He handed me a postcard for Meadow Farms (which also calls itself Mahogany Smoked Meats), and I promptly logged on. “Bet We’ll Hook You!” exclaimed the site’s very simple home page, which featured a picture of a guy in a smokehouse with a bunch of hunks of pork (I think they were pork; meat photos don’t come across well online).

A butt half--about 8 pounds--was on sale for $34, down from $40. I wanted more information, though, and surfed through customer testimonials (Jennifer F.: “You guys have the best jerky in the universe!”) and the history of the business (founded by a guy named Wally), but I couldn’t find care and cooking information about the ham I was considering. Was it fully cooked? I assumed so, since the big thing here was smoked meats. And did I want a butt half?

In frustration, I reached for “The Joy of Cooking.” “Rump halves are somewhat more meaty, but relatively difficult to carve,” read the section under “hams.”

Feeling the need for more ham info, I jumped to another site recommended by my colleague, Harrington’s of Vermont (https://www.harringtonham.com). Harrington’s, the site said, has been famous for its corn cob-smoked meats since 1873. Here too was an Easter sale: A sliced spiral party ham, 6 1/2 to 7 1/2 pounds, was reduced from $62.95 to $49.95.

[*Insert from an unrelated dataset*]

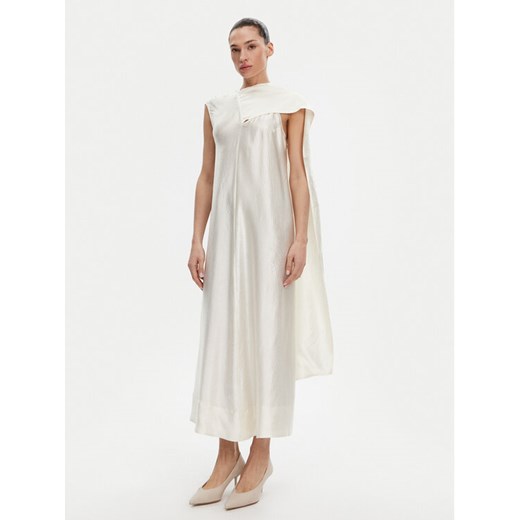 Herskind Sukienka koktajlowa Leroy 5547196 Biały Relaxed Fit ze sklepu MODIVO w kategorii Sukienki - zdjęcie 182607000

Harrington’s also had bone-in hams and boneless hams, but I couldn’t find any guidance on which ham I might want. A few clicks more brought me to serving sizes. I again consulted “Joy,” which said that a rump of 4 to 7 pounds would serve 10 to 12. While pondering poundage, I also pondered shipping. Hams from Harrington’s to California incurred an extra $6.95 fee for two- to three-day shipping. I finally did find ham advice under “cooking and care,” which gave instructions on storing and warming my ham.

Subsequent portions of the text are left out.